Please note that this equation is about the demand for low-caloric gas (L-gas) in The Netherlands, as well as parts of Belgium, France and Germany.

Degree days and average temperature

Based on historic weather data for The Netherlands, we have estimated that there is a (roughly) linear relationship between the number of degree days in a year and the average yearly temperature. A 1°C increase in temperature decreases the number of degree days by 289 (source).

Average temperature and degree days

Temperature dependent demand

For the year 2019/2020, research by the IEA, ENTSOG and the Dutch Ministry of Economic Affairs shows that Dutch L-gas demand is expected to increase by 15.9% in a 'cold year' compared to a year with average weather conditions (source, p.29). A cold year has around 615 more degree days or a 2.15°C lower average temperature (615 / 289 = 2.15). Assuming a linear relationship (as the degree day formula above does), this is a 7.4% increase per degree C below average.

For the year 2017, the temperature dependent L-gas demand is around 49% of total L-gas demand in The Netherlands (source, p.24):

  • Total L-gas demand is 25.2 bcm

  • Households, buildings and agriculture make up 15.7 bcm of this

  • Around 2 bcm is used for cooking, hot water and appliances (temperature independent)

  • Around 1.4 bcm is used for electricity generation in agricultural CHPs (temperature independent) (source, p.18)

  • This leaves 12.3 bcm out of 25.2 bcm temperature dependent demand

    Given the estimated 7.4% increase of total L-gas demand per degree C below average, this means that the temperature dependent part of L-gas demand increases by approximately two times that amount per degree C below average (unrounded: 15.07409694%). Since roughly half of gas demand does not vary with temperature, the other half is twice as sensitive to get an average of 7.4%.

Impact on cooling demand

A temperature change not only impacts heating demand, but cooling demand in households and buildings as well. A higher average temperature leads to a higher cooling demand.

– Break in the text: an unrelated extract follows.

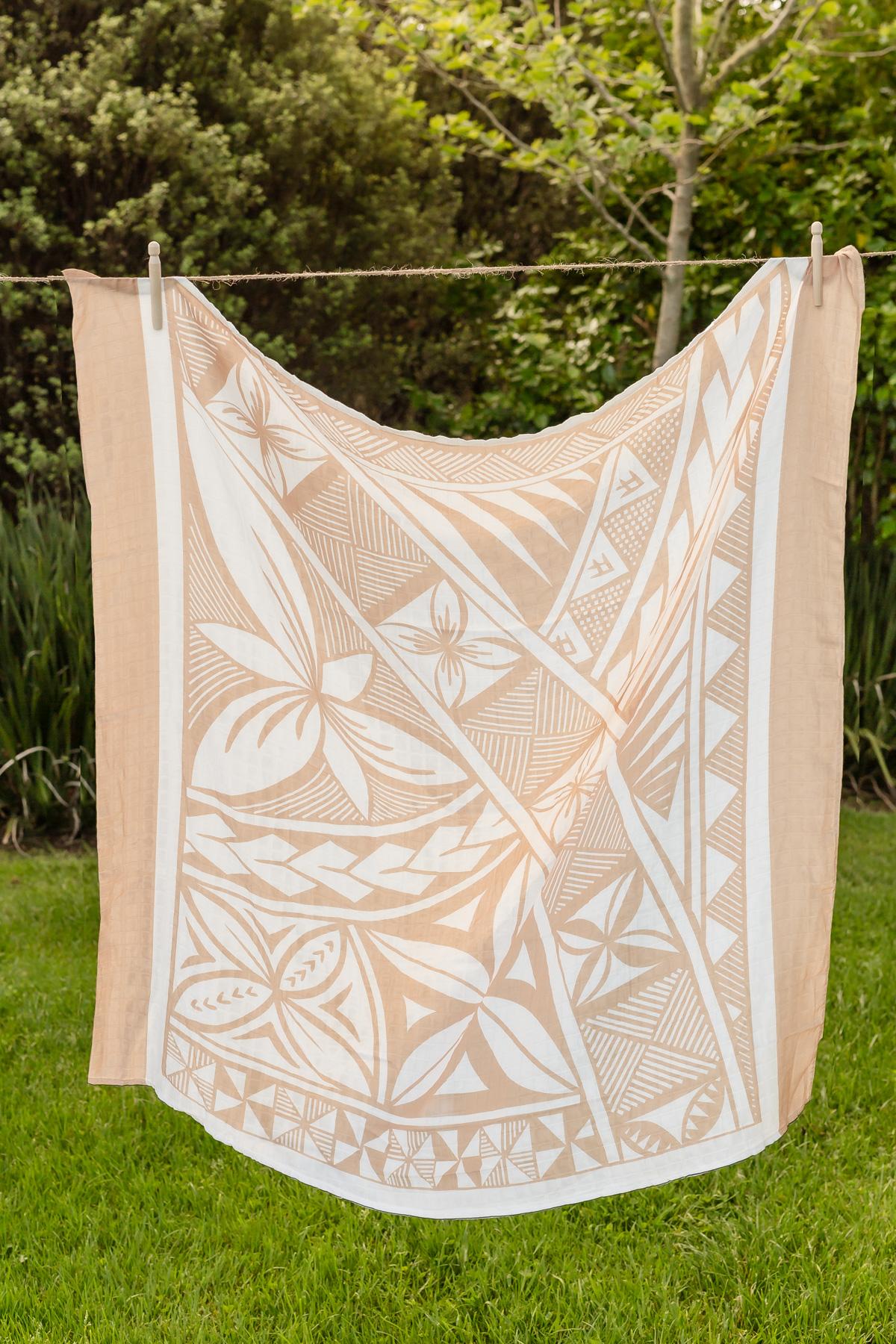 Beige polynesian inspired baby blanket hanging on a clothes line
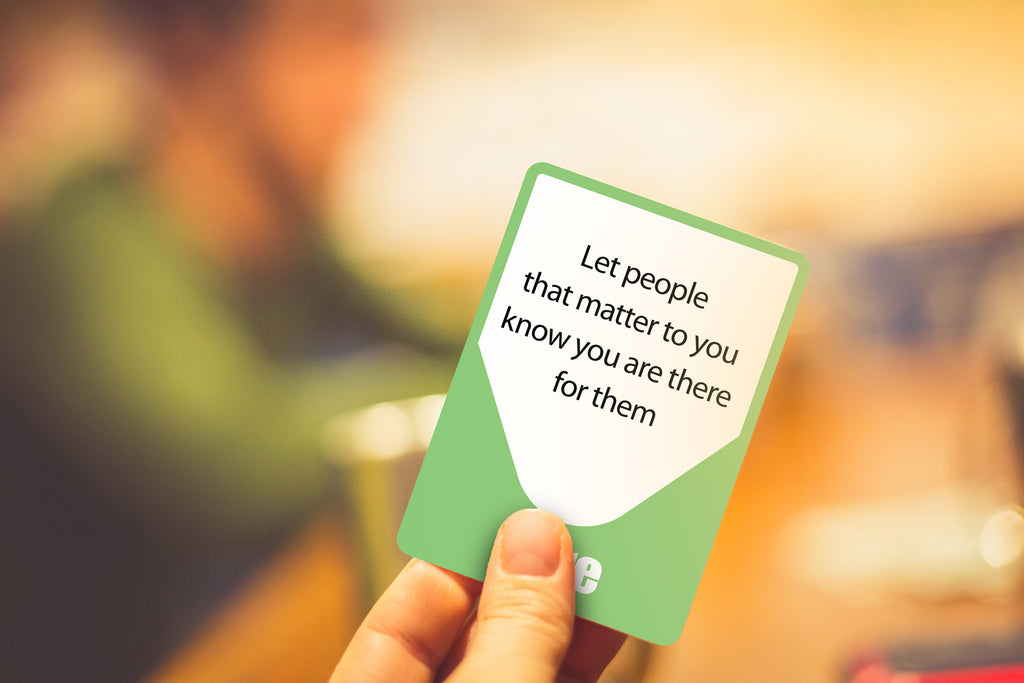 A hand holding an RRT card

As opposed to heating, the relationship between cooling and temperature is not linear. The ETM assumes the following relationship:

cool_factor = 1.0 + 0.5669449x + 0.1598105x2 + 0.0253755x3 + 0.00163210x4 (where x is the change in temperature in degrees C)

The useful demand for cooling is multiplied with this cool factor.

This formula has been derived using a degree day approach source. To translate a temperature change into a change in useful demand, it is assumed that people will cool their homes when the outdoor temperature rises above 23 °C. The change in useful demand cooling is directly related to a change in degree-days. Figure 1 below shows the temperature measurements in degrees centigrade. Also plotted are the threshold temperatures above which we assume cooling is required (circled area above the green line).

Figure 1: Temperature curve in the Bilt for 2010

To calculate degree-days for a given temperature threshold, the area between the threshold temperature and the curve is integrated. For cooling this is the area above the 23 degree threshold (green line) and below the curve. Shifting the whole curve up (for increasing outdoor temperatures) or down (for decreasing outdoor temperatures) changes the area above this line and thus the degree-days.